Re: [PATCH 7/7] cxl/port: Reset cxlmd->endpoint to -ENXIO by default
From: Dan Williams
Date: Tue Mar 10 2026 - 15:30:46 EST
Li Ming wrote:
> cxlmd->endpoint is set to -ENXIO by default, This intentional invalid
> value ensures that any unintended access to the endpoint will be
> detectable. But CXL driver didn't reset it to the default value when the
> endpoint is released in delete_endpoint().
>
> Besides, cxlmd->endpoint is updated to point to an valid endpoint in
> cxl_port_add(), but if the device_add() in cxl_port_add() fails, the
> endpoint will be released, but cxlmd->endpoint remains pointing to the
> released endpoint, it may introduce a potential use-after-free issue.
>
> Fixes: 3d8be8b398e3 ("cxl: Set cxlmd->endpoint before adding port device")
> Fixes: 29317f8dc6ed ("cxl/mem: Introduce cxl_memdev_attach for CXL-dependent operation")
So I disagree that this is a fix.
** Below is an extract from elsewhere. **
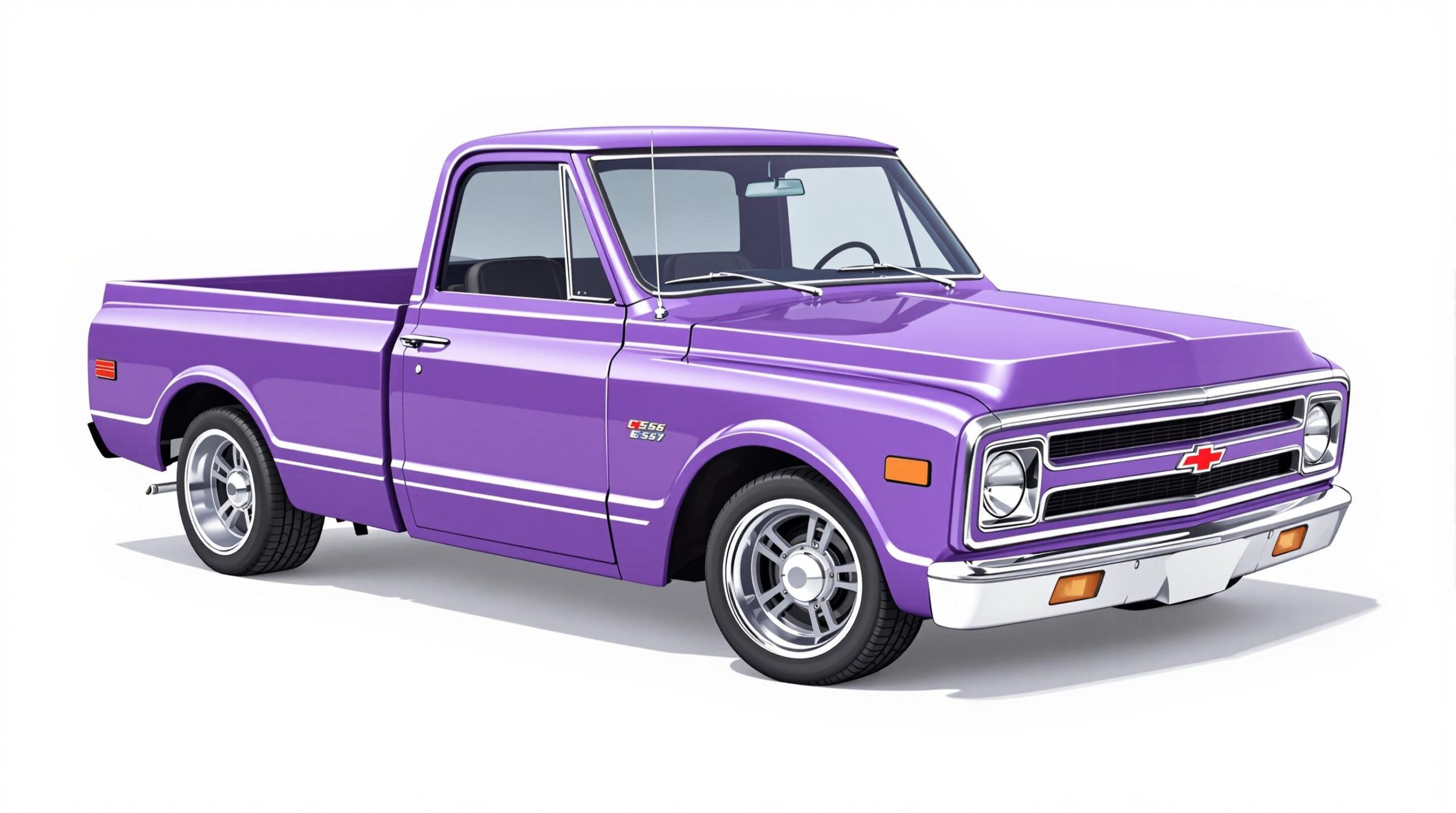 1969 C10 Truck Parts guide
It may be a consistency change to make
sure that all invalid ->endpoint accesses have the same result, but it
is not a fix for any discernable end user problem.
> Signed-off-by: Li Ming <ming.li@xxxxxxxxxxxx>
> ---
> drivers/cxl/core/port.c | 14 ++++++++++----
> 1 file changed, 10 insertions(+), 4 deletions(-)
>
> diff --git a/drivers/cxl/core/port.c b/drivers/cxl/core/port.c
> index 0c5957d1d329..ec3cb62b44b7 100644
> --- a/drivers/cxl/core/port.c
> +++ b/drivers/cxl/core/port.c
> @@ -834,11 +834,14 @@ static int cxl_port_add(struct cxl_port *port,
> struct cxl_dport *parent_dport)
> {
> struct device *dev __free(put_device) = &port->dev;
> + struct cxl_memdev *cxlmd = NULL;
> int rc;
>
> if (is_cxl_memdev(port->uport_dev)) {
> - struct cxl_memdev *cxlmd = to_cxl_memdev(port->uport_dev);
> - struct cxl_dev_state *cxlds = cxlmd->cxlds;
> + struct cxl_dev_state *cxlds;
> +
> + cxlmd = to_cxl_memdev(port->uport_dev);
> + cxlds = cxlmd->cxlds;
>
> rc = dev_set_name(dev, "endpoint%d", port->id);
> if (rc)
> @@ -865,8 +868,11 @@ static int cxl_port_add(struct cxl_port *port,
> }
>
> rc = device_add(dev);
> - if (rc)
> + if (rc) {
> + if (cxlmd)
> + cxlmd->endpoint = ERR_PTR(-ENXIO);
I see no need for this. All of the upper levels paths ensure that all
the results of setup are torn down on failure. Consider that if
device_add() succeeds and any of the follow on functions in
__devm_cxl_add_port() then this cleanup will also not happen.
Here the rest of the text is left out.